Czwarty odcinek specjalny porannej pętli Rajdu Finlandii padł łupem świetnie dysponowanego Otta Tanaka, a jego zespołowy kolega i ulubieniec lokalnych kibiców Jari-Matti Latvala stracił zaledwie 0,6 sekundy.
Świetny czas Fina nie pozwolił jednak na zredukowanie straty do drugiego w generalce Madsa Ostberga. Norweg przekroczył linię mety z czasem zaledwie 0,4 sekundy gorszym i utrzymuje fotel wicelidera przed wizytą w parku serwisowym.
Ciasno było jednak nie tylko w czołowej trójce – 1,4 sekundy do Tanaka stracił na tej próbie Esapekka Lappi, tuż za nim finiszował Craig Breen oraz Elfyn Evans.
Siódmy na mecie Sebastien Ogier stracił tylko 4,6 sekundy do zwycięzcy oesu, z kolei Teemu Suninen zaliczył nieco słabszy występ i spadł w klasyfikacji na 6. miejsce na rzecz Esapekki Lappiego. To oznacza, że w czołowej piątce mamy aż trzech reprezentantów Toyoty.
Najszybszy kierowca Hyundaia, Hayden Paddon, tym razem był ósmy.
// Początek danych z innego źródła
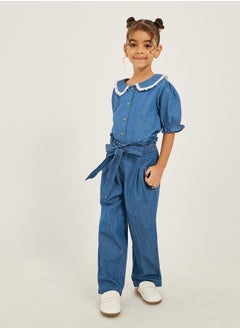 Styli Peter Pan Collar Denim Shirt with Lace Detail  - Image 2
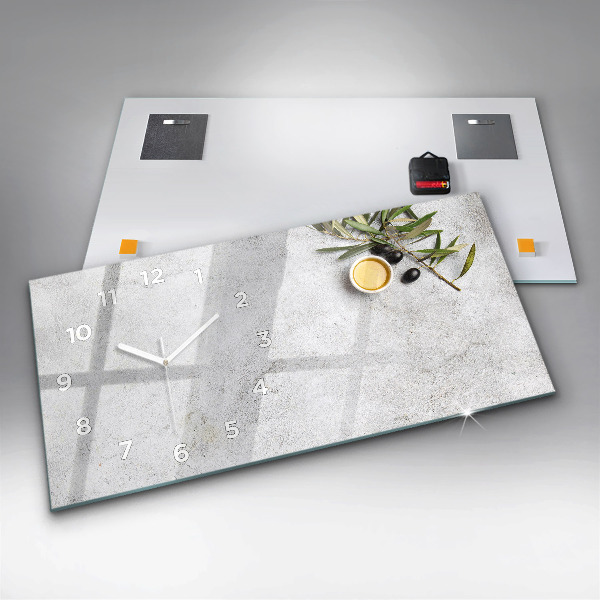 Zegar szklany poziomy Minimalistyczne oliwki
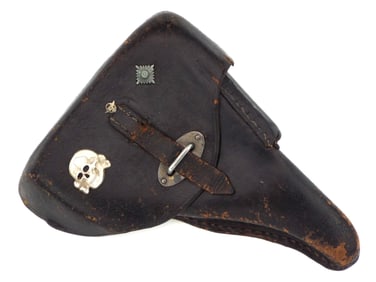 SCARCE German WWII Walther P38 Leather Gun Holster with Skull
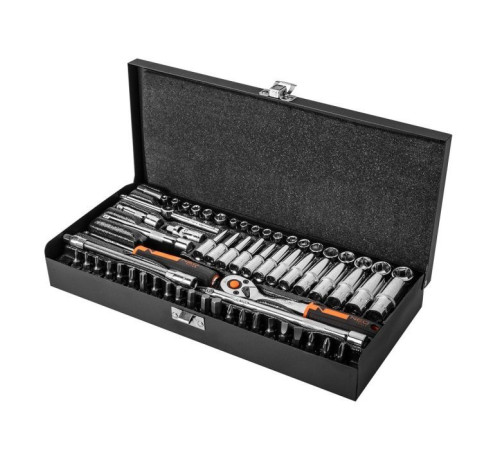 Набір інструментів Neo Tools 63шт, 1/4", CrV, металевий кейс (10-008)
Nowozelandczyk zajmujący 4. miejsce w klasyfikacji rajdu powinien zacząć oglądać się za swoje plecy, gdzie ze stratą 13,6 sekundy podróżuje młodziutki Lappi.
Thierry Neuville właściwie standardowo już uzupełnił czołową dziesiątkę. Strata Belga wyniosła 7,8 sekundy.